Alberto Echevarría destacou: “preso vão todos os cederistas comunicadores de Holguín, uma temporada à sombra com limonardo não se brinca, Diaz-Canel singao”.
A frase original de Díaz-Canel, proferida em 2020 durante uma visita a uma cooperativa agroecológica, tornou-se viral por sua aparente desconexão com a realidade econômica do país.
Desde então, tem sido alvo de memes, zombarias, canções e múltiplas leituras críticas.
A publicação da associação em Holguín, que formalmente não menciona o mandatário nem faz referência direta àquela frase, se insere em um contexto cada vez mais sensível, onde até mesmo os gestos simbólicos podem ter consequências.
Perguntas frequentes sobre a publicação polêmica da Associação de Comunicadores em Holguín
Por que a publicação da Associação de Comunicadores em Holguín gerou tanta polêmica?
A publicação gerou polêmica porque muitos a interpretaram como uma sátira indireta ao presidente Miguel Díaz-Canel e sua famosa frase “a limonada é a base de tudo”. Esta interpretação sugere que poderia ser uma crítica velada ao regime cubano, o que desencadeou uma avalanche de comentários nas redes sociais.
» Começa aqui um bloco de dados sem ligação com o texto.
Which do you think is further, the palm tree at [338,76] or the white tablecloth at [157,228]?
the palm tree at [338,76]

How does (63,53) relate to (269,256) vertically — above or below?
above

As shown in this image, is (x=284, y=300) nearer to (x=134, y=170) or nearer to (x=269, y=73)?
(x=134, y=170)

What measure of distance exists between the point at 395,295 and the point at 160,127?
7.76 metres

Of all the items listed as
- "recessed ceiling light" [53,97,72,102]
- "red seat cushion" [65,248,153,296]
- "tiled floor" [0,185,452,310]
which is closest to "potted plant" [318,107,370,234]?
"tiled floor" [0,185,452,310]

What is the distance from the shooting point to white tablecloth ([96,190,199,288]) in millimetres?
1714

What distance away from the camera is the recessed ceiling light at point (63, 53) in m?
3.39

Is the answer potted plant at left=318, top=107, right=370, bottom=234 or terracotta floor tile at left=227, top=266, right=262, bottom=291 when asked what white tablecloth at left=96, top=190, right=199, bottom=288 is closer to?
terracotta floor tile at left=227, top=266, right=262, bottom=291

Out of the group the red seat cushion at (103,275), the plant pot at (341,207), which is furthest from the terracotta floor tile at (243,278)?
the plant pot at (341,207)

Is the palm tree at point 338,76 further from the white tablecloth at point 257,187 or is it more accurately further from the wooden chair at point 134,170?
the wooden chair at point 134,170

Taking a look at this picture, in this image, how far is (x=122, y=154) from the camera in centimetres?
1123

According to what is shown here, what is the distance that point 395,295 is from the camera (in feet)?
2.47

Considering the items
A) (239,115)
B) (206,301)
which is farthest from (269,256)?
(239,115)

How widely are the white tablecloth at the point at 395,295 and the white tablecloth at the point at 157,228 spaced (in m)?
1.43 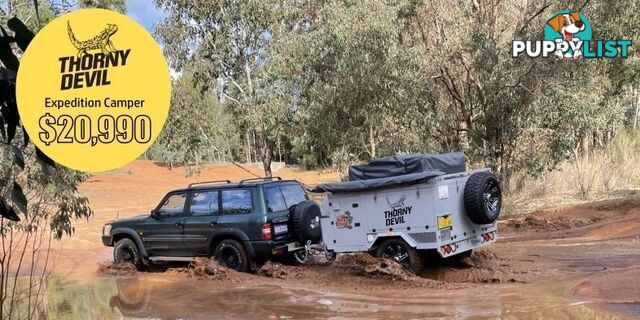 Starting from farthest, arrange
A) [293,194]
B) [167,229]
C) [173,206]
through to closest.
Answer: [173,206], [167,229], [293,194]

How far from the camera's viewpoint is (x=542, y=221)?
1616 cm

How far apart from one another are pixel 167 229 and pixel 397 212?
5.13 m

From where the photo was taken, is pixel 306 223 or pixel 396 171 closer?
pixel 396 171

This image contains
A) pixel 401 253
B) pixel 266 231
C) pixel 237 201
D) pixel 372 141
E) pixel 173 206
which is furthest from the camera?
pixel 372 141

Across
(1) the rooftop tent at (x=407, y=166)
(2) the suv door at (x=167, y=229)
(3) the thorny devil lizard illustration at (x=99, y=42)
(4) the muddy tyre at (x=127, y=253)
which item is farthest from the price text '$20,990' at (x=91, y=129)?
(4) the muddy tyre at (x=127, y=253)

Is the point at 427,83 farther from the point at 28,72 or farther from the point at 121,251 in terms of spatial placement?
the point at 28,72

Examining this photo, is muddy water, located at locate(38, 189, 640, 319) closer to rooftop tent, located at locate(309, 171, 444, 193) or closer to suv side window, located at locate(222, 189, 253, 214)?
suv side window, located at locate(222, 189, 253, 214)

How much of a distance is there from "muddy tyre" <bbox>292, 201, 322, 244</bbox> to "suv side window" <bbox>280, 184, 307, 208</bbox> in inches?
9.1

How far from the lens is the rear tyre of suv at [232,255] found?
11.6 m

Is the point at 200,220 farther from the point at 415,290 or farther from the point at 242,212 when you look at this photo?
the point at 415,290

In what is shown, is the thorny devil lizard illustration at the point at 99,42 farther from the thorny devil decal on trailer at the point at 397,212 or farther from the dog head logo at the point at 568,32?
the dog head logo at the point at 568,32

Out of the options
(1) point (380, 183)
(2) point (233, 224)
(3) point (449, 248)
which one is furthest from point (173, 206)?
(3) point (449, 248)

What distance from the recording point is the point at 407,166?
33.8ft

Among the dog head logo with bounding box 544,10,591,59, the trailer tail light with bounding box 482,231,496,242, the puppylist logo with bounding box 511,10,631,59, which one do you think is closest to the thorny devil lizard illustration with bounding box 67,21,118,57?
the trailer tail light with bounding box 482,231,496,242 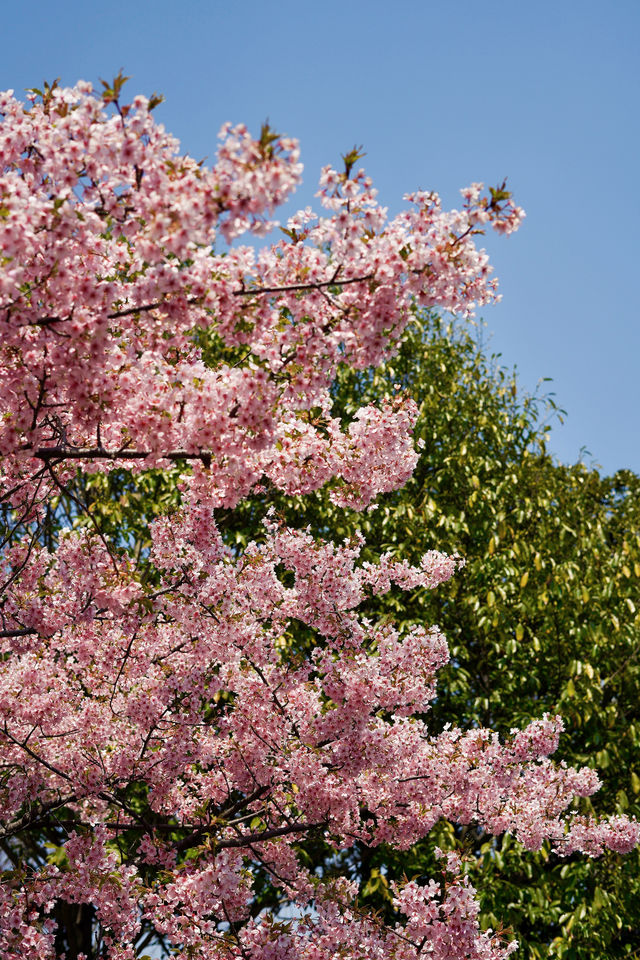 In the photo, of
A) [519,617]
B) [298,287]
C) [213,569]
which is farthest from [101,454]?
[519,617]

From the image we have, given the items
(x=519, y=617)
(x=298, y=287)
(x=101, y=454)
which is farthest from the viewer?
(x=519, y=617)

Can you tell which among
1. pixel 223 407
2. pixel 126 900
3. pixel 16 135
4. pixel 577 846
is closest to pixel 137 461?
pixel 223 407

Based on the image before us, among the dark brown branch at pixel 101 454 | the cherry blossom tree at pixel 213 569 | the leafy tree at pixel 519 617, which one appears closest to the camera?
the cherry blossom tree at pixel 213 569

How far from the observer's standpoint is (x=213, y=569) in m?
5.91

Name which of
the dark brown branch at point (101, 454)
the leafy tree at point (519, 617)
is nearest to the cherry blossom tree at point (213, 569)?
the dark brown branch at point (101, 454)

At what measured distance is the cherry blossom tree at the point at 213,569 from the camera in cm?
374

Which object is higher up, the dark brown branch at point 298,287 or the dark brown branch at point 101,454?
the dark brown branch at point 298,287

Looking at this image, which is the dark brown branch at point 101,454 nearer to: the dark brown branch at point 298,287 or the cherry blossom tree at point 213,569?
the cherry blossom tree at point 213,569

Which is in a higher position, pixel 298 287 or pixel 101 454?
pixel 298 287

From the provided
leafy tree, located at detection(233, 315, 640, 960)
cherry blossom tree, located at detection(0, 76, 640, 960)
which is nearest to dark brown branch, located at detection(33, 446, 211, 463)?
cherry blossom tree, located at detection(0, 76, 640, 960)

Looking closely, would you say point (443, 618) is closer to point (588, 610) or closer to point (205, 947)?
point (588, 610)

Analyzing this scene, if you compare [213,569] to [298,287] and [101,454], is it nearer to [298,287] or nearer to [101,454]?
[101,454]

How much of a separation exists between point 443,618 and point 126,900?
5149 millimetres

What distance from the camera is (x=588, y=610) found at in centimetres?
962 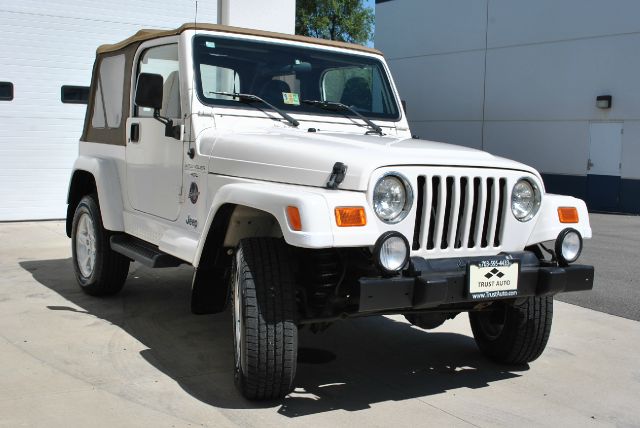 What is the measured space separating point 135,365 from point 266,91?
1.97 m

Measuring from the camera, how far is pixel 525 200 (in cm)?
429

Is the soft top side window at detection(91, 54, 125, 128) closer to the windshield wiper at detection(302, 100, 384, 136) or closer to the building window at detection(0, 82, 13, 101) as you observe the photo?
the windshield wiper at detection(302, 100, 384, 136)

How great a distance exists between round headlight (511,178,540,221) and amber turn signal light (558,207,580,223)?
0.16 metres

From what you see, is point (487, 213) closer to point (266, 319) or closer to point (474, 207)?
point (474, 207)

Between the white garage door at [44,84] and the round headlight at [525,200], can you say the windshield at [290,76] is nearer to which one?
the round headlight at [525,200]

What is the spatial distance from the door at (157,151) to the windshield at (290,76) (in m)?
0.27

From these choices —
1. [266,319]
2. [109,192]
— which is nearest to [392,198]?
[266,319]

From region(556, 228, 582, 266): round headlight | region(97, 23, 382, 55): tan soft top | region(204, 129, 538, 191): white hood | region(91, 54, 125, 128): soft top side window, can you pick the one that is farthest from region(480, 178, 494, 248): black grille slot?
region(91, 54, 125, 128): soft top side window

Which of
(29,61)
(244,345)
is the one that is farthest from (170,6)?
(244,345)

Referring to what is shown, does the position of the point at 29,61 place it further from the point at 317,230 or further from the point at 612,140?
the point at 612,140

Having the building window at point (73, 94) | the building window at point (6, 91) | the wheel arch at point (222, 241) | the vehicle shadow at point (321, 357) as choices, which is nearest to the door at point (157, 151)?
the wheel arch at point (222, 241)

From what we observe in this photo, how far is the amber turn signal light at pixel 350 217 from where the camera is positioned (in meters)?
3.58

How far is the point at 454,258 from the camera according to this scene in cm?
396

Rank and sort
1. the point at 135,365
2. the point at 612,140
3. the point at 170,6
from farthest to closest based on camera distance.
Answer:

Além disso, o contexto de repressão em Cuba, onde publicações semelhantes levaram pessoas à prisão, destaca o critério duplo do governo.
Qual é o simbolismo por trás da imagem publicada pela Associação de Comunicadores em Holguín?
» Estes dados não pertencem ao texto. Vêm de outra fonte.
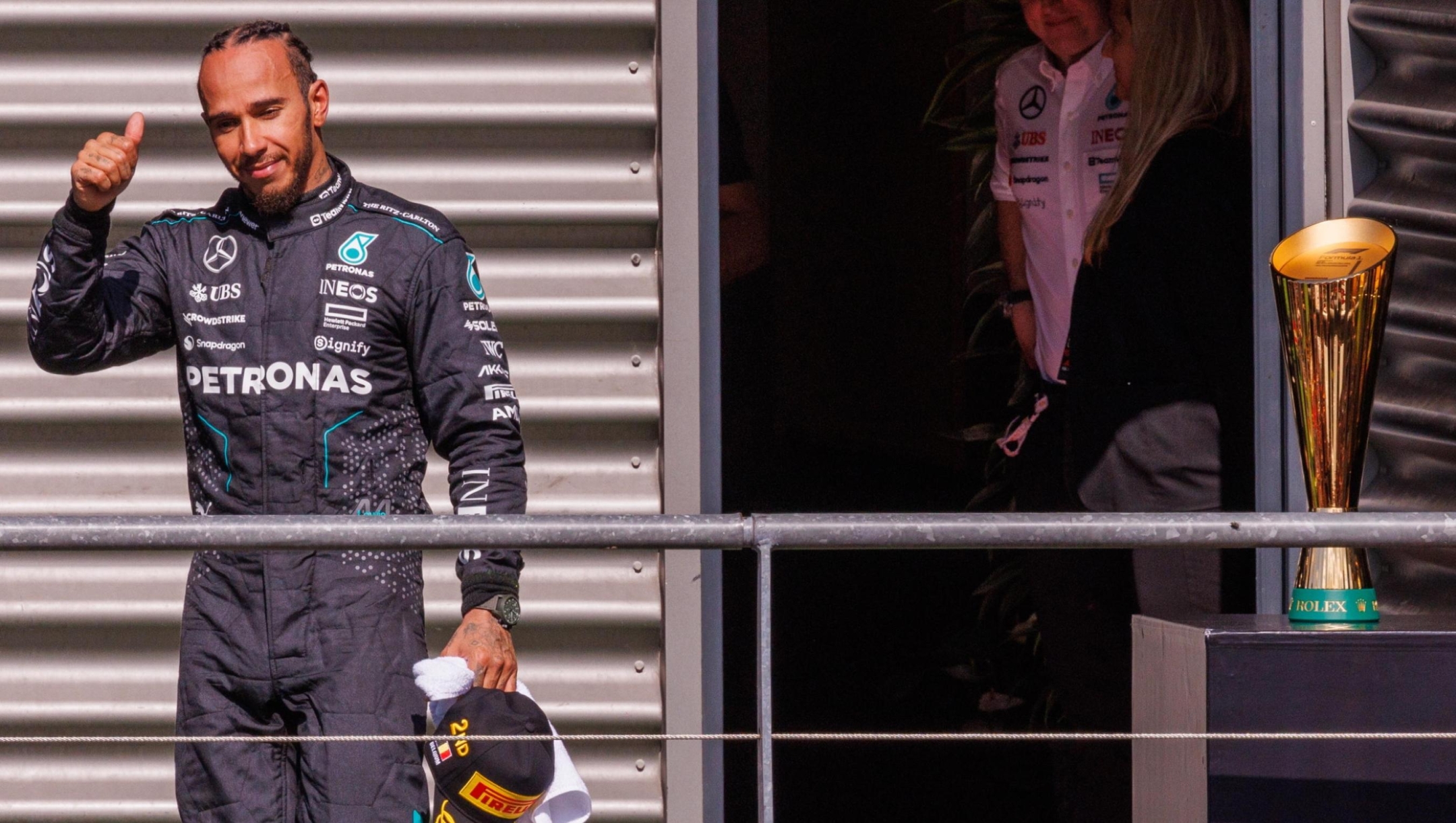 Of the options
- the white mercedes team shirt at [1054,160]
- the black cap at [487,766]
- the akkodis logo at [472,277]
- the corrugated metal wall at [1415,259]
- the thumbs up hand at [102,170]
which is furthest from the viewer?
the white mercedes team shirt at [1054,160]

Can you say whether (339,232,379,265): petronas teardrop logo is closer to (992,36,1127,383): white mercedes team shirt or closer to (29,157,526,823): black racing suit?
(29,157,526,823): black racing suit

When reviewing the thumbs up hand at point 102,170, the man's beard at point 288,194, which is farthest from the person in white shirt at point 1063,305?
the thumbs up hand at point 102,170

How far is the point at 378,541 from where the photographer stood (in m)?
1.72

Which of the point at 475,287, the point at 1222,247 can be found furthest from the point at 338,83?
the point at 1222,247

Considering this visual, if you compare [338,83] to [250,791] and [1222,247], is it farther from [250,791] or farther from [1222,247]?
[1222,247]

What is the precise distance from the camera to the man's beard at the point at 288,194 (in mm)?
2602

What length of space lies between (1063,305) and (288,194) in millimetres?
1762

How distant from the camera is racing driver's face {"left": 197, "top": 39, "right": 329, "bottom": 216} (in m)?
2.60

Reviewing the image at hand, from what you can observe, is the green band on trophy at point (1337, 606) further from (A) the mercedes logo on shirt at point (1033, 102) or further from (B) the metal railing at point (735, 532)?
(A) the mercedes logo on shirt at point (1033, 102)

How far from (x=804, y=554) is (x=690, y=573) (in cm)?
182

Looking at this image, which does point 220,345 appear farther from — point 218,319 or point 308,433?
point 308,433

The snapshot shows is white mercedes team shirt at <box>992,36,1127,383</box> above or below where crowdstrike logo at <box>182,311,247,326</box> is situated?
above

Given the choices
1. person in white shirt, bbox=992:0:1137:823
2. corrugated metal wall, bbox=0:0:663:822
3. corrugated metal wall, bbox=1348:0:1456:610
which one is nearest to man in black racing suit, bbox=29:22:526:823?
corrugated metal wall, bbox=0:0:663:822

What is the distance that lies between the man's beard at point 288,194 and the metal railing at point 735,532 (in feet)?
3.08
A imagem mostra uns fones de ouvido feitos com metades de limão e a mensagem “Comunicar também leva sua receita”, o que muitos interpretaram como um jogo de palavras visual que critica de maneira indireta a frase de Díaz-Canel sobre a limonada. O simbolismo parece sugerir que “ouvir é a verdadeira base de tudo”, em contrapartida às declarações do mandatário, evidenciando um apelo à comunicação efetiva e crítica do regime.
Quais consequências essa publicação poderia ter para os comunicadores de Holguín?
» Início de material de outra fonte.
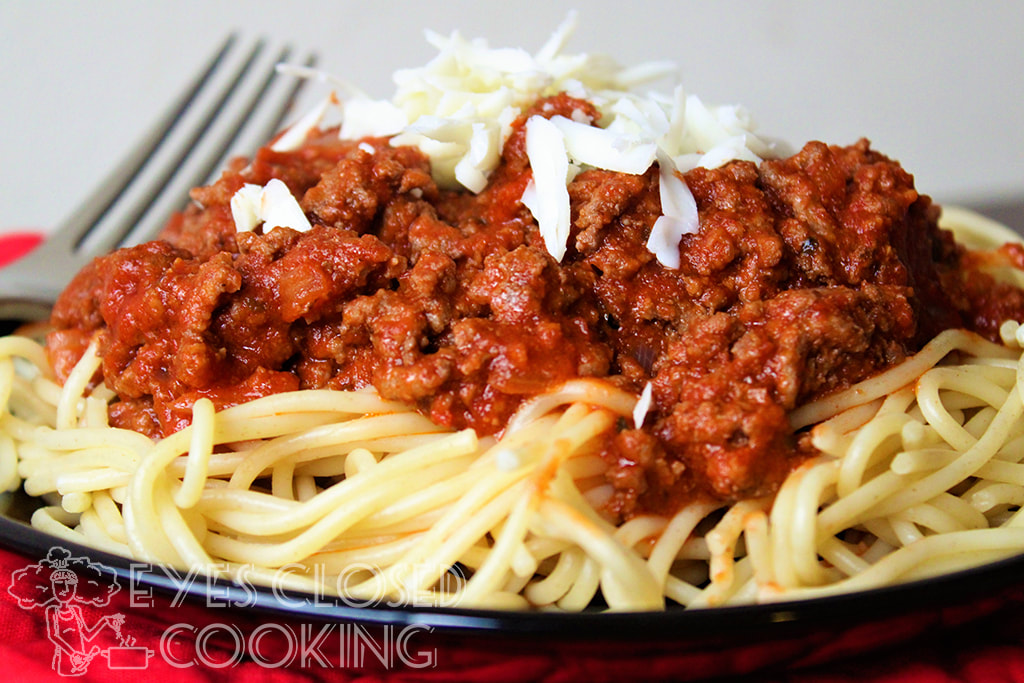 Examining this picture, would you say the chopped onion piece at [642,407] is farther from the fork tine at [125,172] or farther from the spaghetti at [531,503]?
the fork tine at [125,172]

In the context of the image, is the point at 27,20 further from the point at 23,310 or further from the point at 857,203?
the point at 857,203

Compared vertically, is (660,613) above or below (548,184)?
below

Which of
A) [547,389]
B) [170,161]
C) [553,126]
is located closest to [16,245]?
[170,161]

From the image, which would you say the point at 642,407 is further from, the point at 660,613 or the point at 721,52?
the point at 721,52

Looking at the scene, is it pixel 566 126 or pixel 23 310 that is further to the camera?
pixel 23 310

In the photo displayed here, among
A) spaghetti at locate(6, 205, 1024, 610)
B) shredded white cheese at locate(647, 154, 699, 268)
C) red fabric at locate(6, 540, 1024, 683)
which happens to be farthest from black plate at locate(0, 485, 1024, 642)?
shredded white cheese at locate(647, 154, 699, 268)

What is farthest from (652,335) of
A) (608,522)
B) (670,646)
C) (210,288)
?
(210,288)

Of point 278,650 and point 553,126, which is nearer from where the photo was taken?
point 278,650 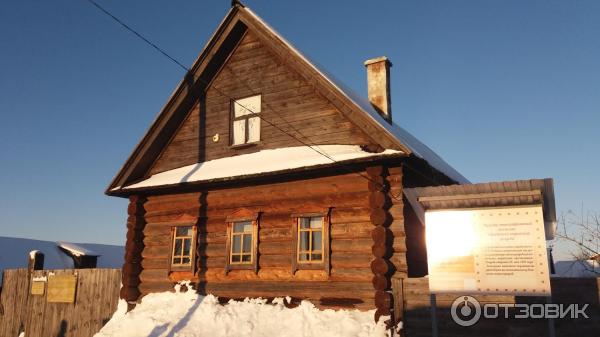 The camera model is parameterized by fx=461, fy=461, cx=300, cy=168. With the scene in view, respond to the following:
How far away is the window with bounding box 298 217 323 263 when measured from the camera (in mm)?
10906

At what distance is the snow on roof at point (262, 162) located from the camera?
1052 cm

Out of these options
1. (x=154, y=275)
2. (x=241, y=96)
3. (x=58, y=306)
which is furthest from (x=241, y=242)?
(x=58, y=306)

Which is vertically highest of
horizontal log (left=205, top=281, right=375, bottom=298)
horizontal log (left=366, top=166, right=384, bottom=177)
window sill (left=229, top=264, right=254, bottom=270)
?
horizontal log (left=366, top=166, right=384, bottom=177)

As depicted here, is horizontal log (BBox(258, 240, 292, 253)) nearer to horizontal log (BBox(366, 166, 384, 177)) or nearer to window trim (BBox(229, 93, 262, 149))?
horizontal log (BBox(366, 166, 384, 177))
Os comunicadores de Holguín podem enfrentar represálias por parte do regime, uma vez que em Cuba, até mesmo gestos simbólicos podem ter consequências graves. Comentários nas redes sociais sugeriram que eles poderiam ser presos ou censurados, considerando que publicações semelhantes levaram pessoas à prisão. Isso reflete o clima de censura e controle do governo sobre as expressões críticas.
Como tem sido utilizada a frase “a limonada é a base de tudo” no contexto cubano atual?
Desde que Miguel Díaz-Canel pronunciou a frase em 2020, se tornou um símbolo de zombaria e crítica ao governo cubano, devido à sua aparente desconexão com a realidade econômica do país. Tem sido usada em memes, canções e comentários críticos, refletindo o descontentamento popular com a gestão do regime e o uso de frases simplistas para abordar problemas complexos.